Lawmakers focus on law and order, public safety
LANSING, Mich. — Sen. John Proos and Sen. Mike Nofs, chairmen of the Senate Appropriations subcommittees on Corrections and State Police, respectively, announced on Monday that they will co-chair a subcommittee meeting on Wednesday to discuss a top priority for the state: public safety.
“Public safety is, and must continue to be, our number one priority,” said Nofs, R-Battle Creek. “With 30 years of law enforcement experience and 20 years as an elected official, I know that in order for communities to flourish, citizens must feel safe where they live, work and play.”
The senators noted that Michigan has a substantial amount of criminal activity when compared to many other states. The state has the unfortunate distinction of having three of the top ten most dangerous cities in America (No. 3 Detroit, No. 7 Flint and No. 8 Saginaw) and seven in the top 100 (No. 39 Kalamazoo, No. 50 Lansing, No. 79 Jackson and No. 84 Battle Creek). As recently as 2013, Detroit was ranked as the number one most dangerous city in America.
Yet Michigan has recently seen a drop in the rates of violent crime. According to the Michigan State Police, there were 131,354 incidents of violent crime in Michigan in 2015 — down from 160,863 in 2007.
“Our law enforcement professionals are being asked to take on the enormous task of keeping our communities safe all across Michigan,” said Proos, R-St. Joseph. “I believe that a continued focus on smart criminal justice strategies and reforms will achieve the goal of making our communities safer and easing the burden we place on law enforcement across our state, while at the same time continuing the trend of decreasing prison populations.”
Proos, Nofs and many of their Senate colleagues passed a bipartisan package of 21 bills in June. The bills would reform and modernize Michigan’s criminal justice system, seek verifiable programming for prisoner reentry into society and keep Michigan residents safe. The senators noted that as the crime rate drops and prisoners return to society with better outcomes, taxpayers would benefit with safer communities.
The bill package includes the Parole Sanction Certainty program, an intensive supervision program that includes close monitoring and frequent random drug and alcohol testing in order to improve parolee success by promptly imposing graduated sanctions, including small amounts of jail time, for violations; expansion of specialty courts like those tailored to mental health, veterans and substance abuse needs; embracing innovative probation and parole programs that arise from first-hand experience at the county level; and more.
The hearing will also highlight the Secure Cities program, put in place in 2012 and currently sustained at $4.5 million, which supports law enforcement efforts in communities most effected by crime. Since its introduction, 180 new troopers are providing communities with enhanced law enforcement patrols, investigations and policing.

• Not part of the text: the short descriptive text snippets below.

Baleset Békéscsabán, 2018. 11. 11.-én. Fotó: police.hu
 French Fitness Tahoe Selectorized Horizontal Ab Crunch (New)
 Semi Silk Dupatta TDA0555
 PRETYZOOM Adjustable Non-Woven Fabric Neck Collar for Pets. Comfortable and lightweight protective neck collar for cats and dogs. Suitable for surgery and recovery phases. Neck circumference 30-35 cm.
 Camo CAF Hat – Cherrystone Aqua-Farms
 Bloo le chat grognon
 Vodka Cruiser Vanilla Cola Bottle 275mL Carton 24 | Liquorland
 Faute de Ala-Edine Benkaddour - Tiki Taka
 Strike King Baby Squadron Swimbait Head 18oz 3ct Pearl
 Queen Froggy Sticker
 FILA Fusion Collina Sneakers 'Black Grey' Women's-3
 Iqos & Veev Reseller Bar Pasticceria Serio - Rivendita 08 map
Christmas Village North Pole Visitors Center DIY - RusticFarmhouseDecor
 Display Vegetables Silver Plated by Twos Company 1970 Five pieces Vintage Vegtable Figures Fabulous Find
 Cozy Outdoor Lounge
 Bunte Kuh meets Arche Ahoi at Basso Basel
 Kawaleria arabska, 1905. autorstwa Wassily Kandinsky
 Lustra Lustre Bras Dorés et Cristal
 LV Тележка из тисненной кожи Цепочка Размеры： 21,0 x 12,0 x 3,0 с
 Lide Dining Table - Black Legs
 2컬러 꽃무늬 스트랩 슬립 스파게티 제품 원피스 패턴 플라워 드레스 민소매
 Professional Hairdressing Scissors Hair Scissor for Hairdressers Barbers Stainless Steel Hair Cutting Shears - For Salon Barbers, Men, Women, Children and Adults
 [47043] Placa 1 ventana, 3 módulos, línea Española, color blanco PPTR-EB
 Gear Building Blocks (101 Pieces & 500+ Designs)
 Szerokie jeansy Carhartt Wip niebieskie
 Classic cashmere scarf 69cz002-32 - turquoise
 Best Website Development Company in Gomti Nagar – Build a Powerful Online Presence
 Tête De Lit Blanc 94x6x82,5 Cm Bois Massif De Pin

Other programs included in next year’s budget, which was approved this spring, include $27 million allocated for the Detroit Reentry Center, more than $1 million devoted to increasing mental health programming and $1.4 million directed toward the Goodwill ‘Flip-the-Script Program,’ an outcome-based life-transformational mentoring and job-training program based in Detroit.
The hearing will take place on Wednesday, Aug. 24 at 12:30 p.m. in the Senate Hearing Room, located in the Boji Tower, Ground Floor, 124 W. Allegan St. in Lansing. You can find more information at www.legislature.mi.gov or watch the subcommittee hearing live or replayed at www.senate.michigan.gov.